Note: In RED the milestones that are still due.

  • 21 May 06 - J.Shiers and M.Schulz: Flavia’s list should be updated, maintained and used to control changes and releases. A fixed URL link should be provided to that list.

Which list to use will be clarified after the gLite 3.0 presentation at a forthcoming MB meeting.

 

  • 23 May 06 - Sites should send to lcg.office@cernNOSPAM.ch the names of the contact persons attending, possibly in person, the Internal Review meeting.

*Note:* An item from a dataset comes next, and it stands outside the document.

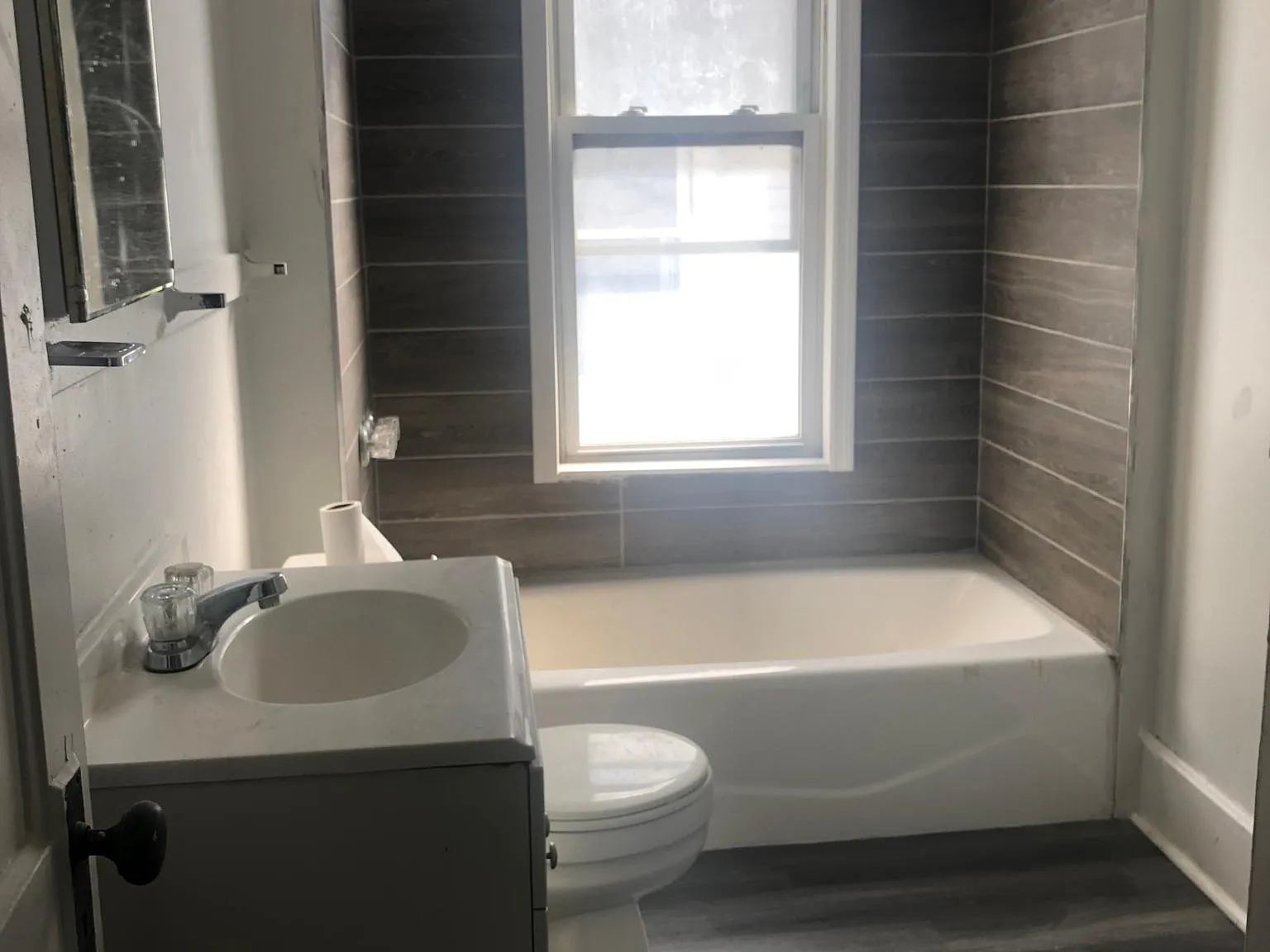 2 bed, $1,200 — Photo 2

Done. The Internal Review is on the 8-9 June 2006.

 

  • 23 May 06 - Tier-1 sites should confirm via email to J.Shiers that they have set-up and tested their FTS channels configuration for transfers to Tier-1 and Tier-2 sites.

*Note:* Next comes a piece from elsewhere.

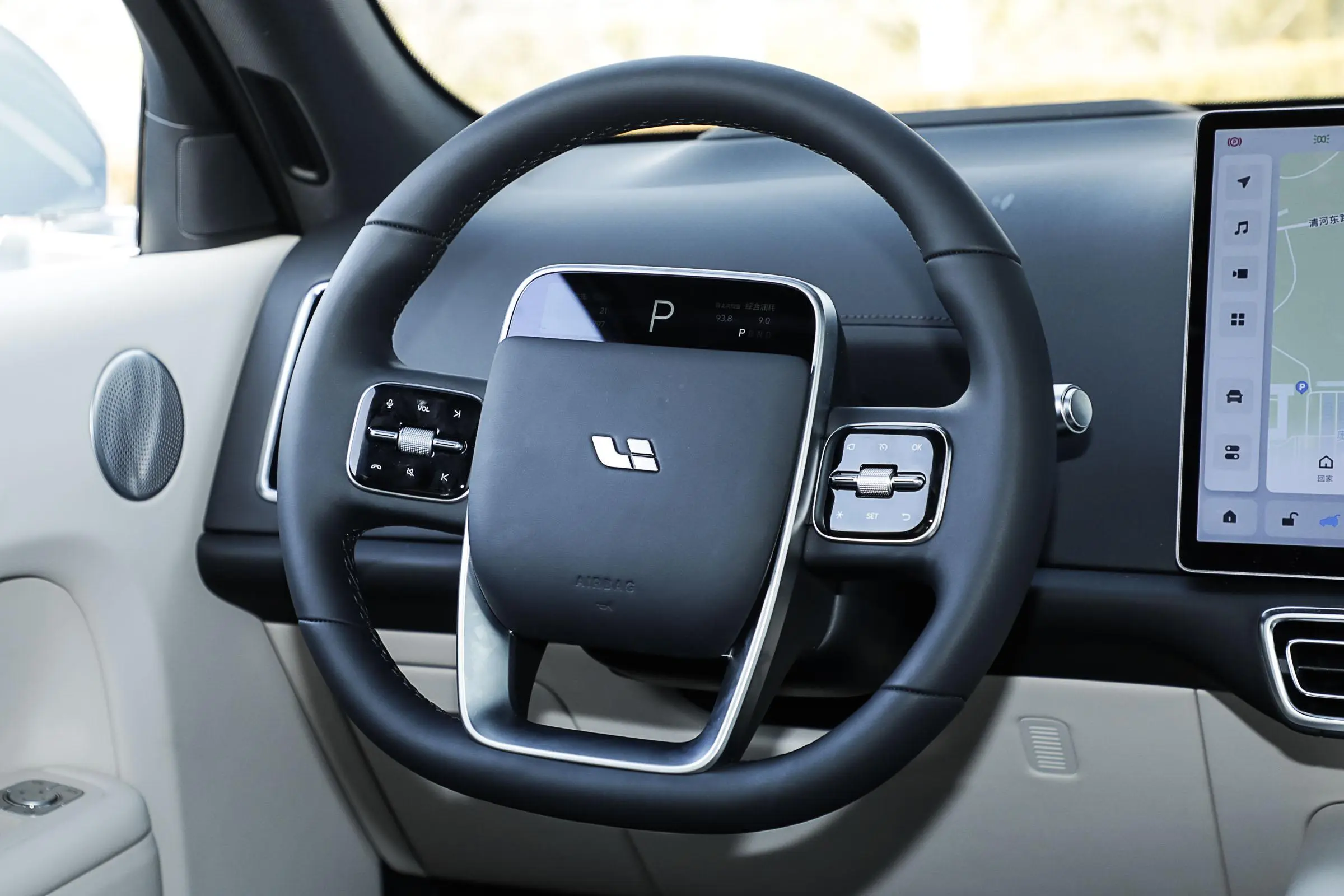 li auto l7 2023 интерьер-2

Not done by most sites. Should be sent to J.Shiers in the framework of the SC4 Coordination Meeting. On the 30.05.06 only: RAL, FZK and PIC have done it.

 

Update: No new mails. Are the SAM tests sufficient? Have the Tier-1 sites configured their transfers to Tier-1 and Tier-2 sites?

  • 26 May 06 - Sites should complete and send the questionnaire for the Internal Review to the chair, V.Guelzow.

Questionnaire missing from INFN (30.05.06).

 

Update: Done. INFN questionnaire sent on the 7 June 2006.

  • 30 May 06 - J.Shiers and N.Brook will add a note in the document to remind of the need of announcing in advance draining of jobs at the sites.

Not done. J.Shiers waits for a suitable sentence from LHCb to add to the document.

 

  • 30 May 06 - ALICE, CMS and LHCb will send to J.Shiers the list of the Tier-2 sites to monitor in SC4.

Ongoing. Presented to the GDB and a few issues of some Tier-1/Tier-2 associations are still under discussion.

 

  • 31 May 06 - J.Shiers define mechanism to coordinate maintenance interruptions of Tier-1s.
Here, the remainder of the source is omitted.